I don’t even bother protesting. Instead, I glance over at the brother in question, expecting him to be glaring. Not stuffing his face with fried catfish like this conversation doesn’t involve his sister. And me.

“What?” he asks around a mouthful.

“I just...”

Jacob takes a sip of water. “You’re just in love with my sister?
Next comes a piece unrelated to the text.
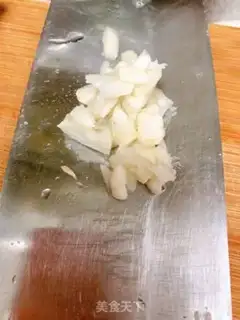 Make Tonic orchid step 3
Yeah. I know. I’ve known for years. Oh, and you’re welcome, by the way.

” He wipes his mouth with a paper towel while I gape at him.

“I wasn’t quite sure how I was going to play matchmaker, and your injury made the perfect setup.

Though next time, go a little easier. You had me slightly concerned that disc golf would end your career. ”

“You...know? You’ve known ?”

He rolls his eyes. “Dude. You’ve looked at her like a lovesick puppy for years. Hard to miss when I know you as well as I do. The question is—what are you going to do about it?”

That’s the question indeed.

“I do know one thing,” I tell him. “It’s time to implement The Plan.”

Jacob beams. “Really? The Plan? I didn’t think you were ever going to agree.”

“What’s ‘The Plan’?” Van asks, using finger quotes.

Before either Jacob or I can answer, Josie returns from the bathroom, effectively ending the conversation.

“Wow. This looks like an intense conversation,” Josie says, dropping back in her seat. “What’d I miss?”